• [Task brief] Pictures excluded, copy word for word the lines from the one holding "常用降尿酸药:别嘌醇、非布司他和苯溴马隆的区别及注意事项" through the last line below.

• [Records to process]
:::::
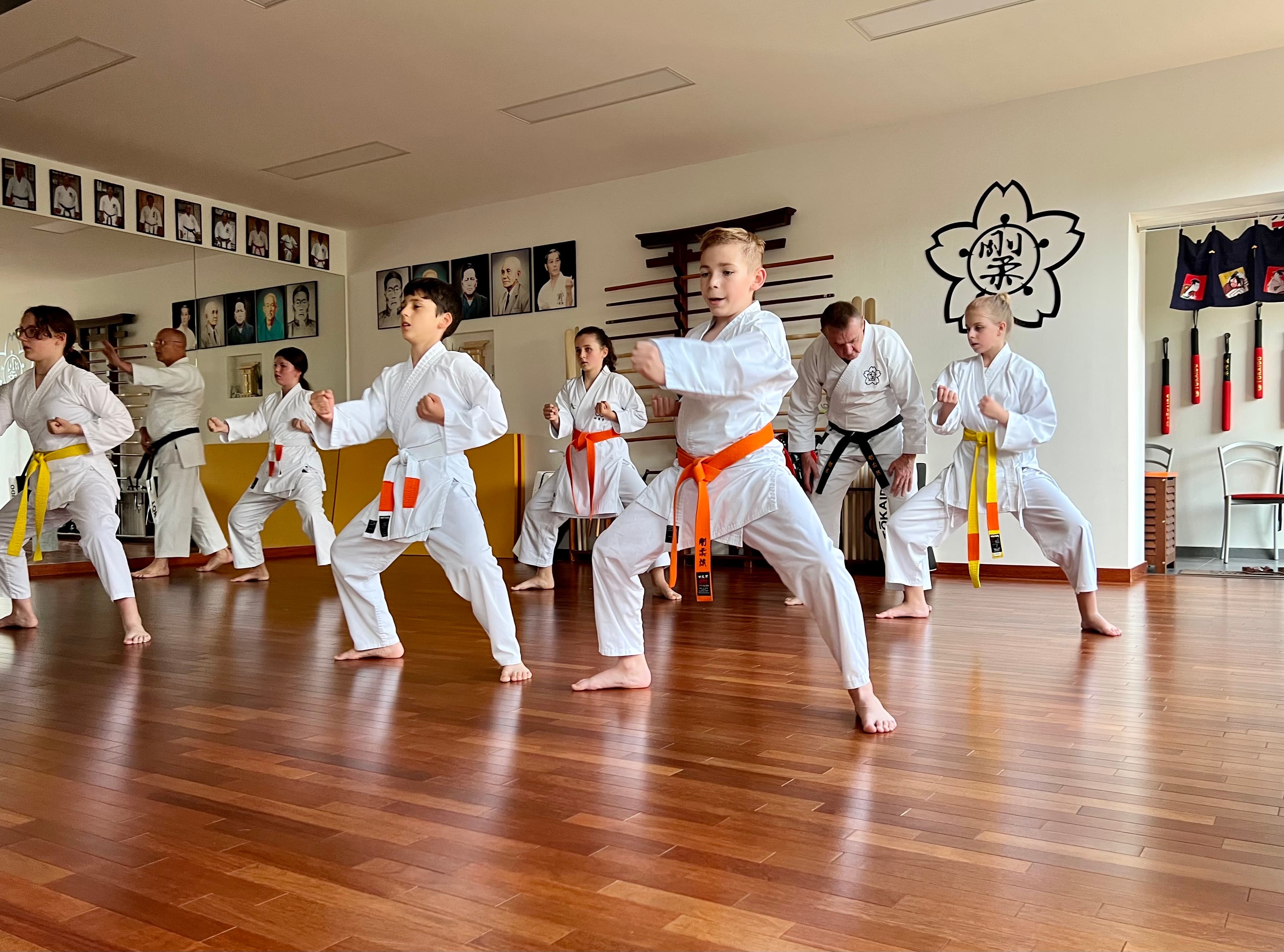 Deti v dojo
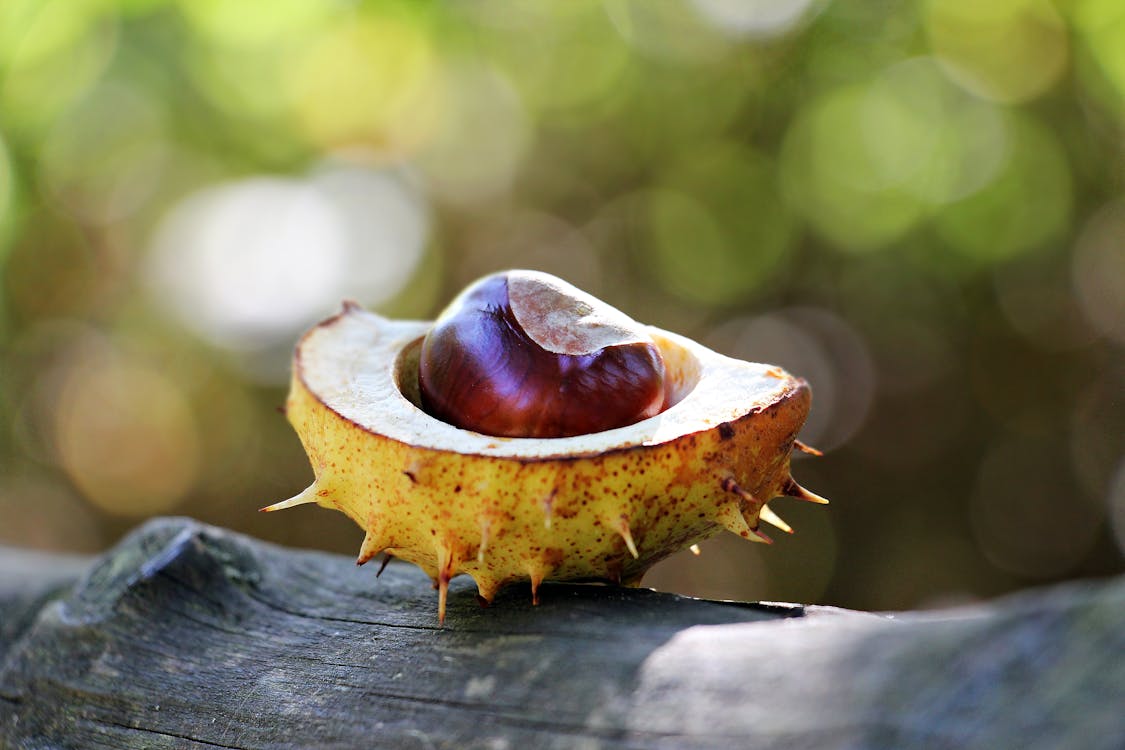 Sliced Yellow Spikey Fruit on Wood Log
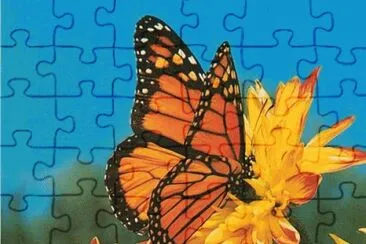 image jigsaw puzzle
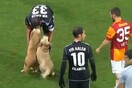 ΒΙΝΤΕΟ: Κουτάβια Λαμπραντόρ εισβάλουν σε αγώνα ποδοσφαίρου! 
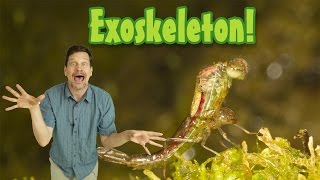 Whats an exoskeleton Kids animal science insect growth elementary science vocabulary [upl. by Ellehsal391]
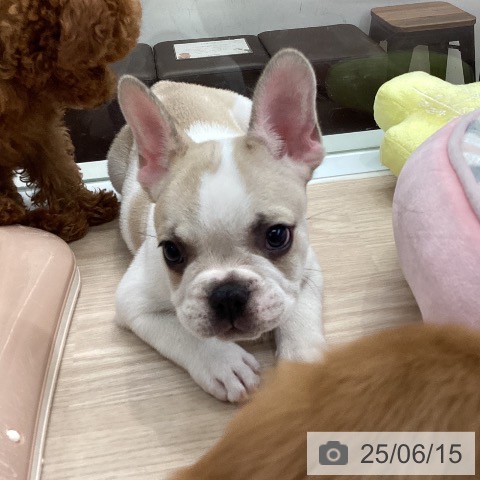 フレンチ・ブルドッグの写真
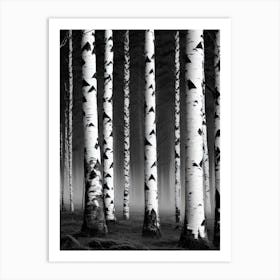 Birch Forest 65 Art Print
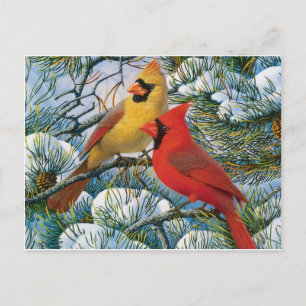 Chic Beautiful Christmas Red Cardinals And Snow Postcard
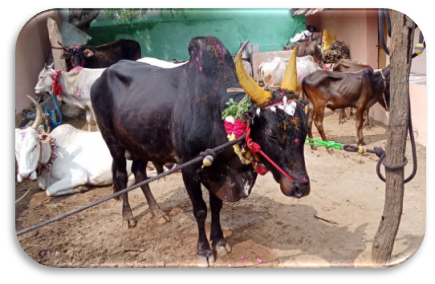 Pongal festival
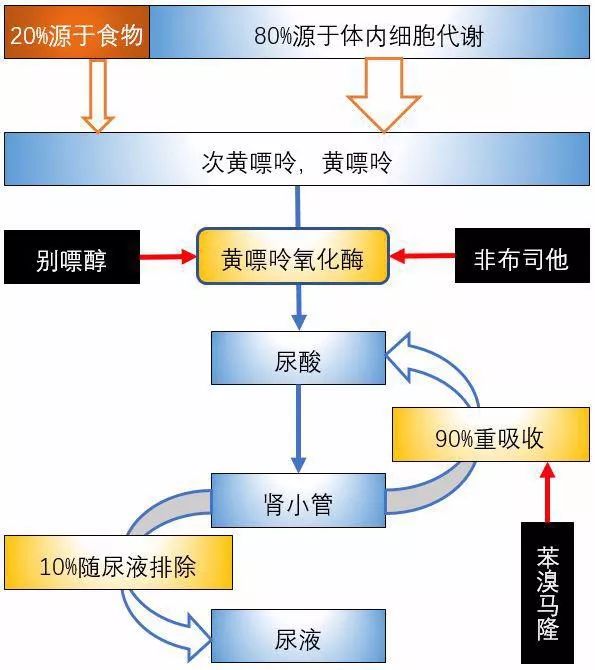 常用降尿酸药:别嘌醇、非布司他和苯溴马隆的区别及注意事项
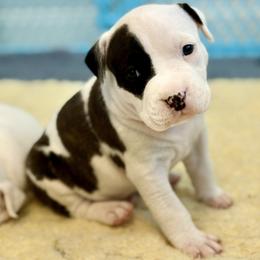 Evans - White male American Staffordshire Terrier puppy in Clearwater, Florida from Whit's End Kennel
:::::
• [Solution to the problem]
 常用降尿酸药:别嘌醇、非布司他和苯溴马隆的区别及注意事项
 Evans - White male American Staffordshire Terrier puppy in Clearwater, Florida from Whit's End Kennel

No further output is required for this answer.